#### [Problem statement]
Without including any images, repeat the data exactly.

*** The data Section Begins ***

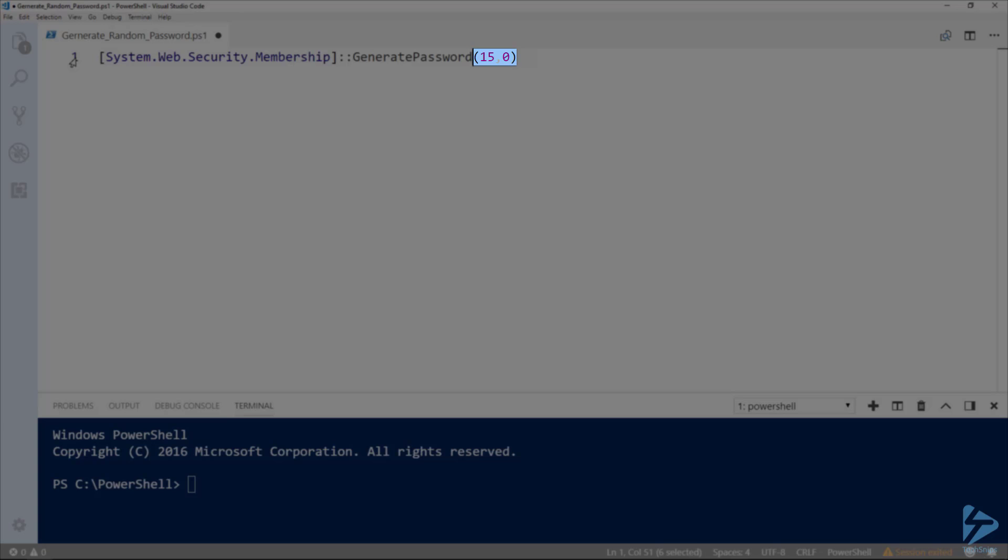The second number, 0, is the minimum number of non-alphanumeric characters, such as the pound or hash sign, the exclamation point, percentage sign, ampersand, and so on, in the generated password.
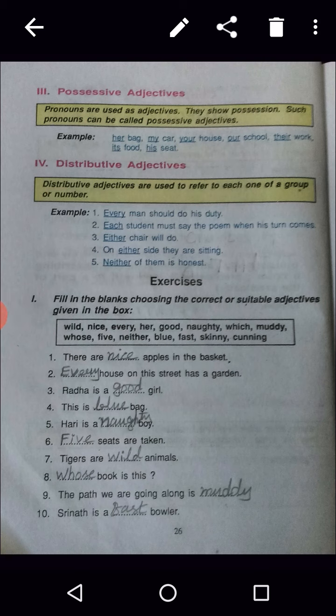Now see the exercises given below. Fill in the blanks choosing the correct suitable adjective given in the box. First: There are nice apples in the basket. Second: Every house on the street has a garden. Radha is a good girl. This is a blue bag. Hari is a naughty boy. Seeds are chicken. Tigers are wild animals. Whose book is this? The path we are going along is muddy. Srinath is the fast bowler. Complete the remaining answers similarly.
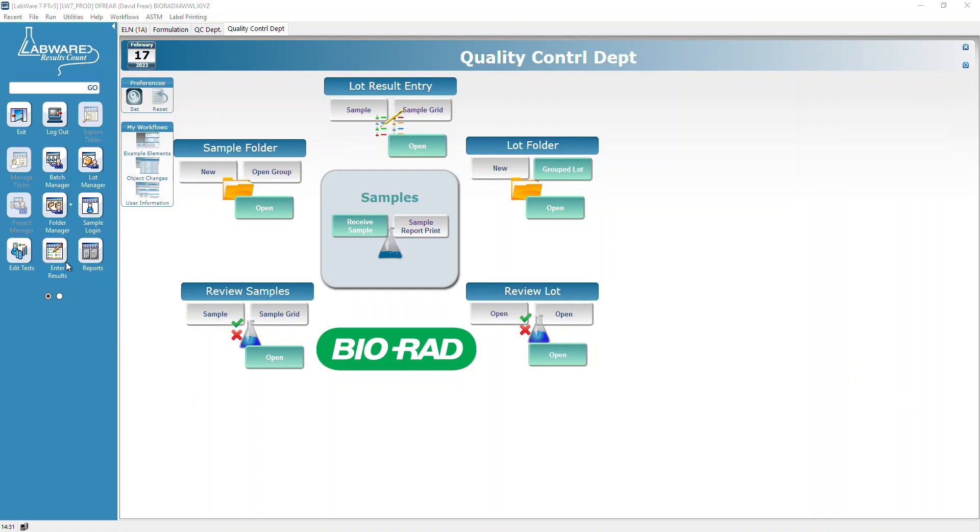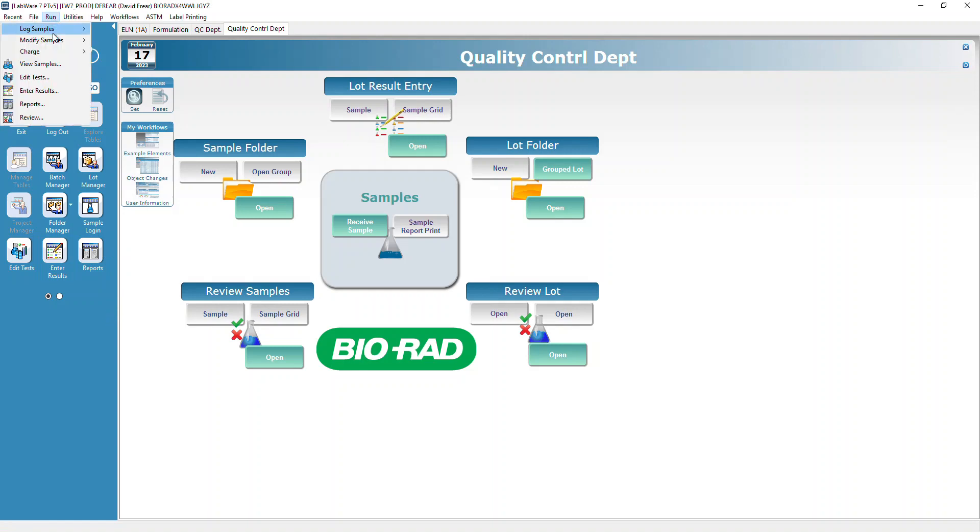To create your P sample records, you need to go to Run, Log Samples, and do a grid login.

*** The data Section Ends ***

#### [Response area]
The second number, 0, is the minimum number of non-alphanumeric characters, such as the pound or hash sign, the exclamation point, percentage sign, ampersand, and so on, in the generated password.
Now see the exercises given below. Fill in the blanks choosing the correct suitable adjective given in the box. First: There are nice apples in the basket. Second: Every house on the street has a garden. Radha is a good girl. This is a blue bag. Hari is a naughty boy. Seeds are chicken. Tigers are wild animals. Whose book is this? The path we are going along is muddy. Srinath is the fast bowler. Complete the remaining answers similarly.
To create your P sample records, you need to go to Run, Log Samples, and do a grid login.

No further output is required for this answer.